SDÁ 1-2-2007: Nils Oskal

Muhtin dieđafilosofalaš váttisvuođat vuođđudit earenoamáš álgoálbmotmetodologiija

Nils Oskal (Sámi allaskuvla)

Viečča artihkkala dás (pdf).

Some philosophical problems concerning the foundation of indigenous methodologies

A central idea of Cartesian philosophy is its theory of knowledge and the belief that epistemology is a foundational enterprise. It is epistemology that would ultimately make clear just what made knowledge claims valid and the degree of validity they could lay claim to. Validity is something we can generate for ourselves by ordering our thoughts correctly according to methods founded on epistemology.

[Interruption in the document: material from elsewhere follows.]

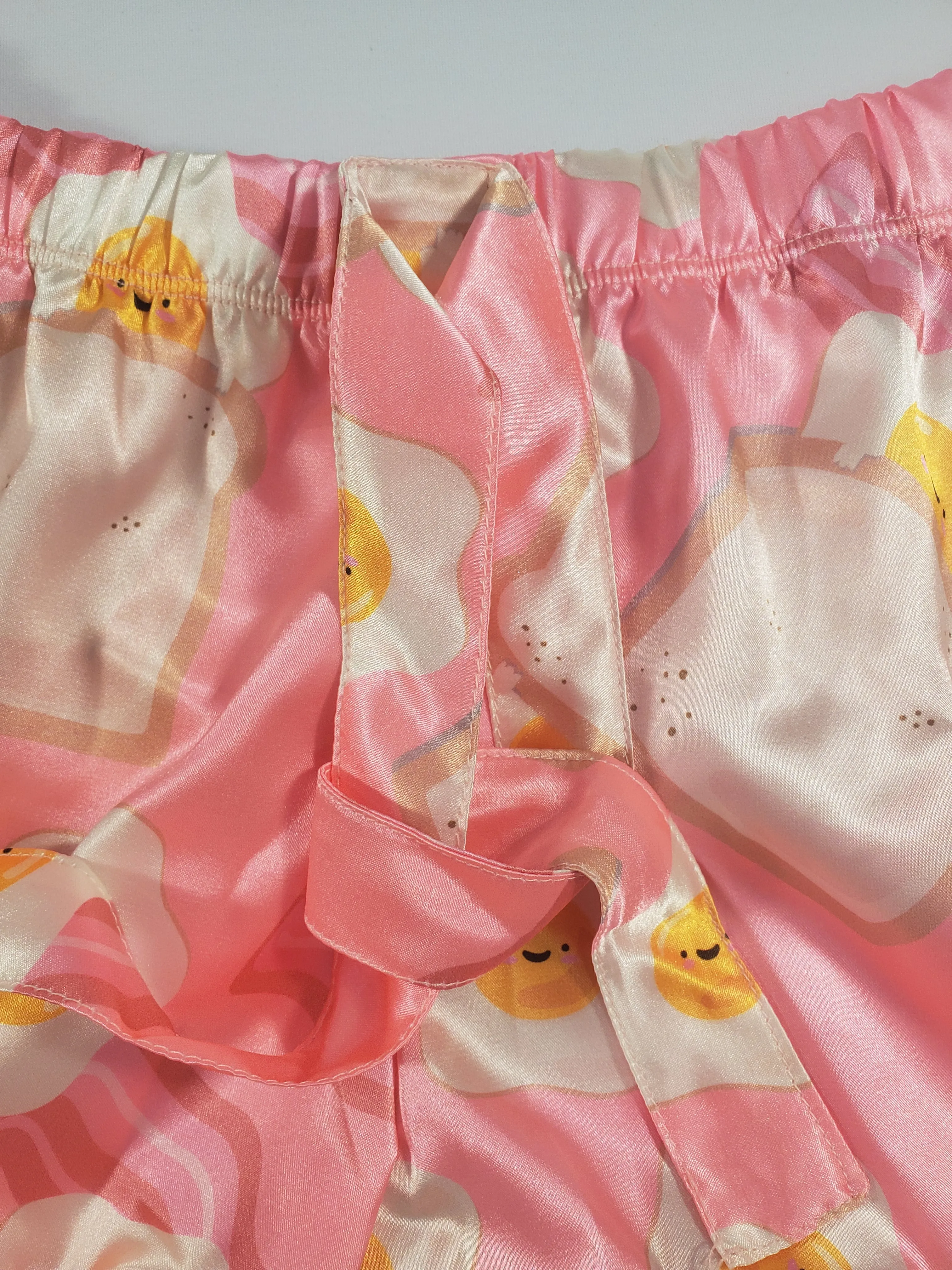 Women's Mellow pajama set pink satin shorts fried eggs and toast theme white blouse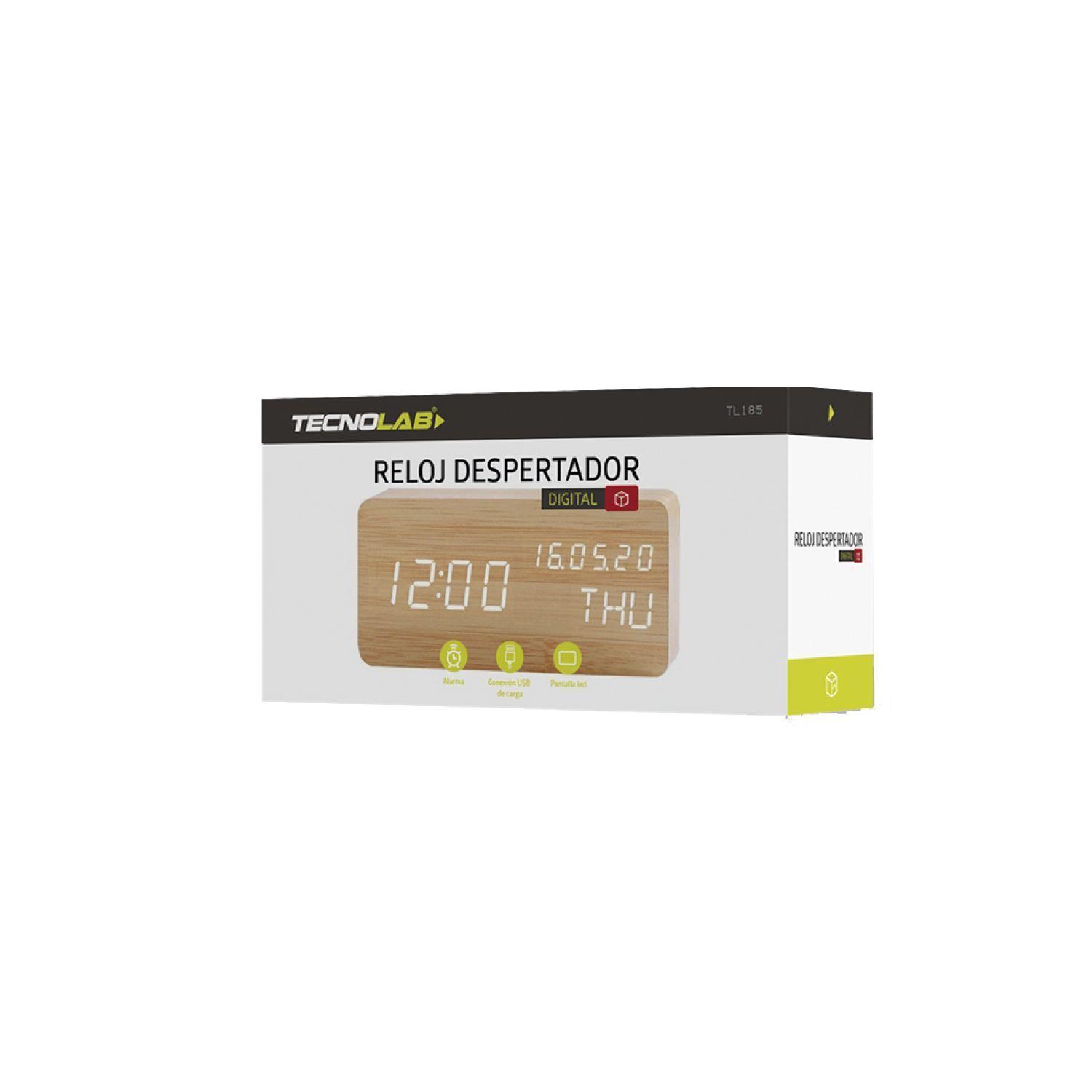 Reloj Despertador Digital Led de Madera Tecnolab-3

Similar ideas are formulated by defenders of a peculiar indigenous methodology in social sciences, in order to justify investigations from a culturally internal perspective. In the mean time epistemology has lost its reputation since the heyday of logical empiricism and the whole epistemological enterprise is refuted by criticism from different directions. The main arguments of philosophical hermeneutics have been integrated into social sciences after the ‘interpretative turn’, and the problem of the justification of the scientific validity of social sciences is even more precarious, and the social sciences stands in danger of collapsing into political moralizing and hollow rhetoric. As an alternative to claims on a priori epistemic superiority the validation of social sciences has to rely on practical argumentation.